== DATA RECORDS ==
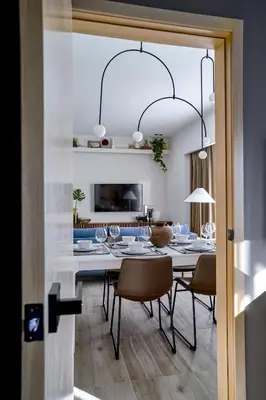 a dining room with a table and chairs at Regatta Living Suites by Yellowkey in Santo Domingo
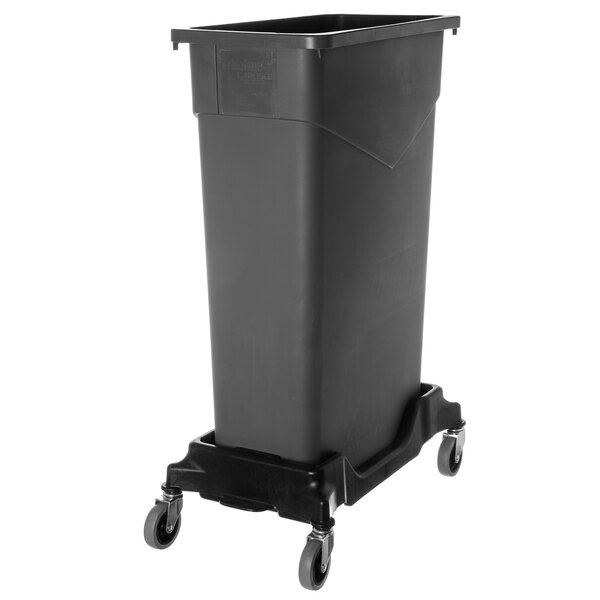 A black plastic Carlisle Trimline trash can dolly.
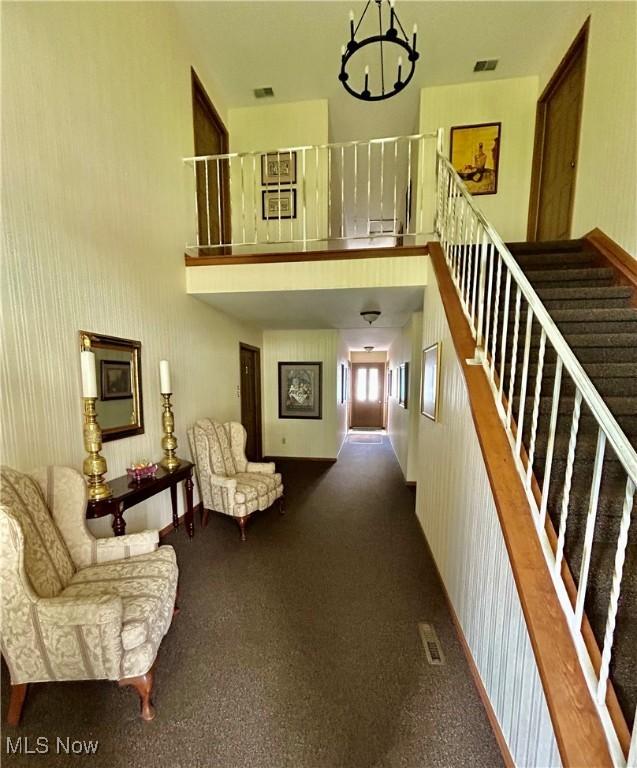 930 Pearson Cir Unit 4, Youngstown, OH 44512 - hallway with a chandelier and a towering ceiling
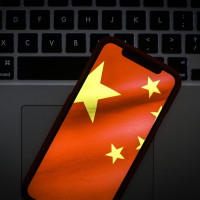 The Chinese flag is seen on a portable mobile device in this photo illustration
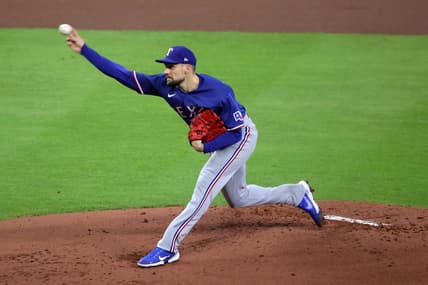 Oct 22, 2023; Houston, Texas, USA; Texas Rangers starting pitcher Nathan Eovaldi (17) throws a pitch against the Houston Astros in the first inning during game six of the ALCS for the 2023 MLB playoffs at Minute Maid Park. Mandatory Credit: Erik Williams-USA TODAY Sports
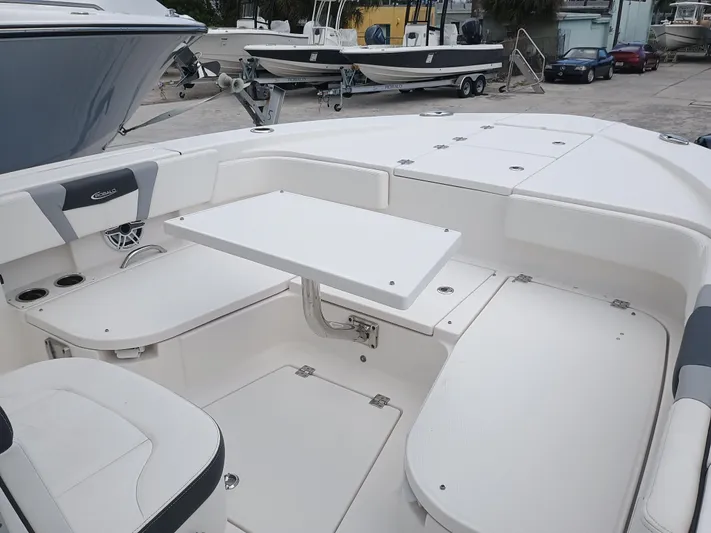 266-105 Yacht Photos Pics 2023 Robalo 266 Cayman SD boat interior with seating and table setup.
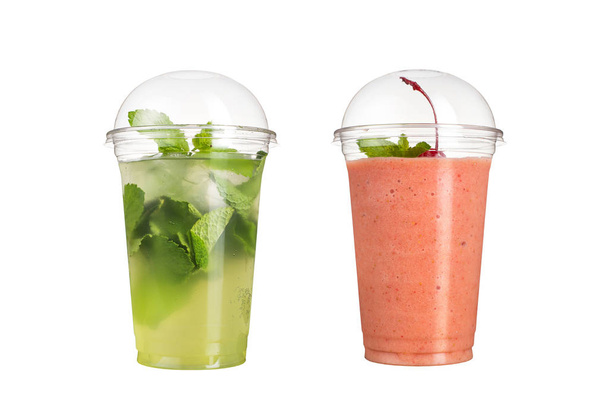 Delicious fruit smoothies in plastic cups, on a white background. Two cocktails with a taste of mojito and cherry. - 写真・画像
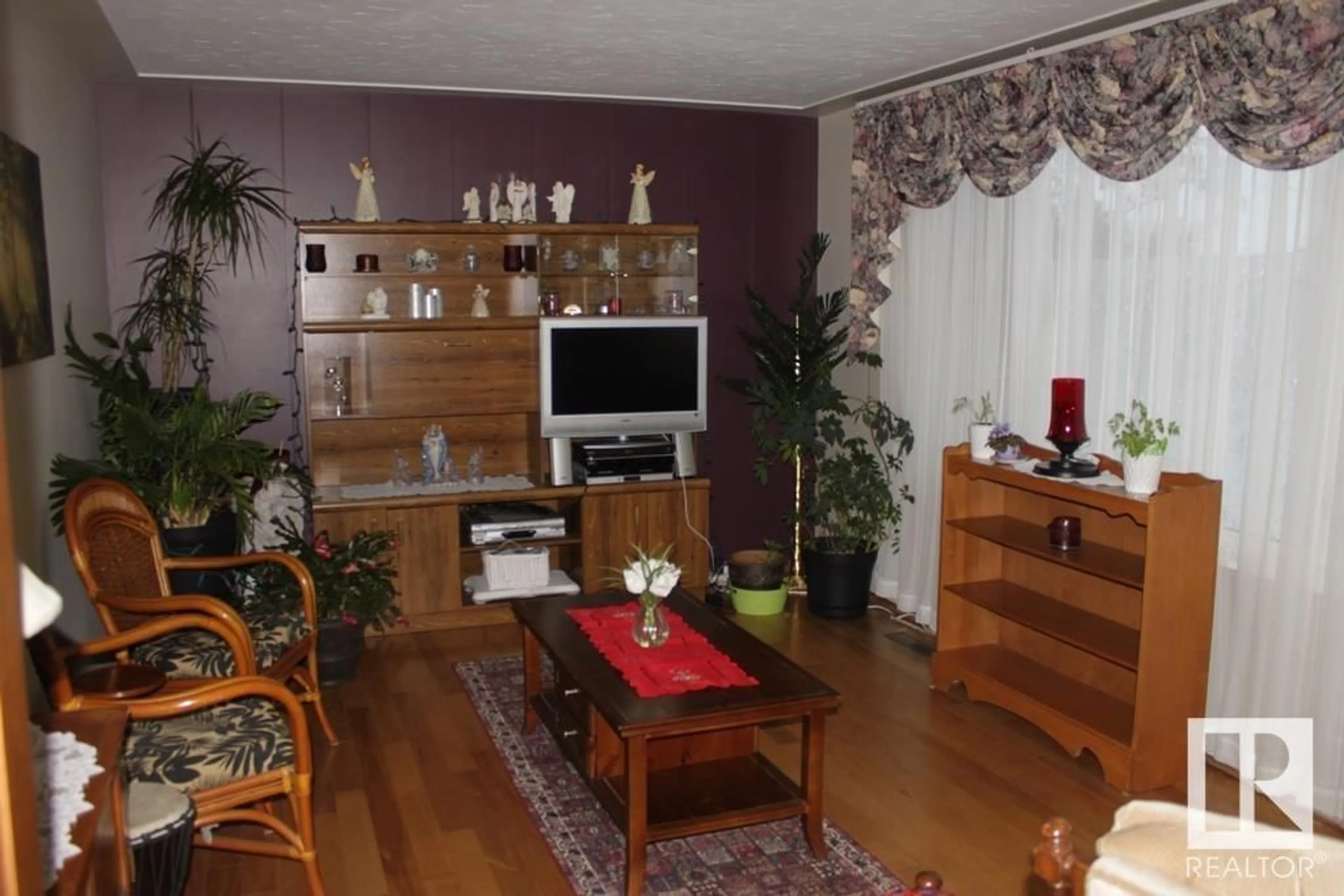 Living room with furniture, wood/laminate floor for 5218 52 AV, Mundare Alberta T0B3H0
===
## YOUR OBJECTIVE
Write out each line exactly, from the one containing "Delicious fruit smoothies" through the end of the entries, and skip the pictures.

## ANSWER TO THE PROBLEM
 Delicious fruit smoothies in plastic cups, on a white background. Two cocktails with a taste of mojito and cherry. - 写真・画像
 Living room with furniture, wood/laminate floor for 5218 52 AV, Mundare Alberta T0B3H0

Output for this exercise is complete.